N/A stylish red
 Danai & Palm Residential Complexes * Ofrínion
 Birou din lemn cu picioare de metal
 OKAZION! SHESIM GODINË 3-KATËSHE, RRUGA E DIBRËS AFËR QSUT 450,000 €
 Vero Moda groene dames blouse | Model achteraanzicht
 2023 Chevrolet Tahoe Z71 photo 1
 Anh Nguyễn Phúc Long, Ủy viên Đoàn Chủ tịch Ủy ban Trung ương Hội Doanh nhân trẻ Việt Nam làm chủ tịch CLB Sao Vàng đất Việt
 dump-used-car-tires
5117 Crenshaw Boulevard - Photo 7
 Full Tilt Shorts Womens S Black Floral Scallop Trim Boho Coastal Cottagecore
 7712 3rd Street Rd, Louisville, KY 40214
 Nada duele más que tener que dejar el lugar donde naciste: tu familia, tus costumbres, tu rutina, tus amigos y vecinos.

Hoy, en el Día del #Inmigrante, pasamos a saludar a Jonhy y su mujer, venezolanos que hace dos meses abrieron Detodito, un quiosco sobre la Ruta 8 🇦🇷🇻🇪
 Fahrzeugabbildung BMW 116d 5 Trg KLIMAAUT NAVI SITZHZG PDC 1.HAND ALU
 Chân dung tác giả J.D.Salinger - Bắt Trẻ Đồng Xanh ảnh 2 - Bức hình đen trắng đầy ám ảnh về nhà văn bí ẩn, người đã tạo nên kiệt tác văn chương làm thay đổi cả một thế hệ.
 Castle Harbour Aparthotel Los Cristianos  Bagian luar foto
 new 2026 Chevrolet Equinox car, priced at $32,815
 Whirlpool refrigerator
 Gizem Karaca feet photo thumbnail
———
## WHAT TO DO:
Extract every line from the one containing "OKAZION! SHESIM GODINË" through the last line of the data, inclusive, exactly as written.

## EXPECTED OUTPUT:
 OKAZION! SHESIM GODINË 3-KATËSHE, RRUGA E DIBRËS AFËR QSUT 450,000 €
 Vero Moda groene dames blouse | Model achteraanzicht
 2023 Chevrolet Tahoe Z71 photo 1
 Anh Nguyễn Phúc Long, Ủy viên Đoàn Chủ tịch Ủy ban Trung ương Hội Doanh nhân trẻ Việt Nam làm chủ tịch CLB Sao Vàng đất Việt
 dump-used-car-tires
5117 Crenshaw Boulevard - Photo 7
 Full Tilt Shorts Womens S Black Floral Scallop Trim Boho Coastal Cottagecore
 7712 3rd Street Rd, Louisville, KY 40214
 Nada duele más que tener que dejar el lugar donde naciste: tu familia, tus costumbres, tu rutina, tus amigos y vecinos.

Hoy, en el Día del #Inmigrante, pasamos a saludar a Jonhy y su mujer, venezolanos que hace dos meses abrieron Detodito, un quiosco sobre la Ruta 8 🇦🇷🇻🇪
 Fahrzeugabbildung BMW 116d 5 Trg KLIMAAUT NAVI SITZHZG PDC 1.HAND ALU
 Chân dung tác giả J.D.Salinger - Bắt Trẻ Đồng Xanh ảnh 2 - Bức hình đen trắng đầy ám ảnh về nhà văn bí ẩn, người đã tạo nên kiệt tác văn chương làm thay đổi cả một thế hệ.
 Castle Harbour Aparthotel Los Cristianos  Bagian luar foto
 new 2026 Chevrolet Equinox car, priced at $32,815
 Whirlpool refrigerator
 Gizem Karaca feet photo thumbnail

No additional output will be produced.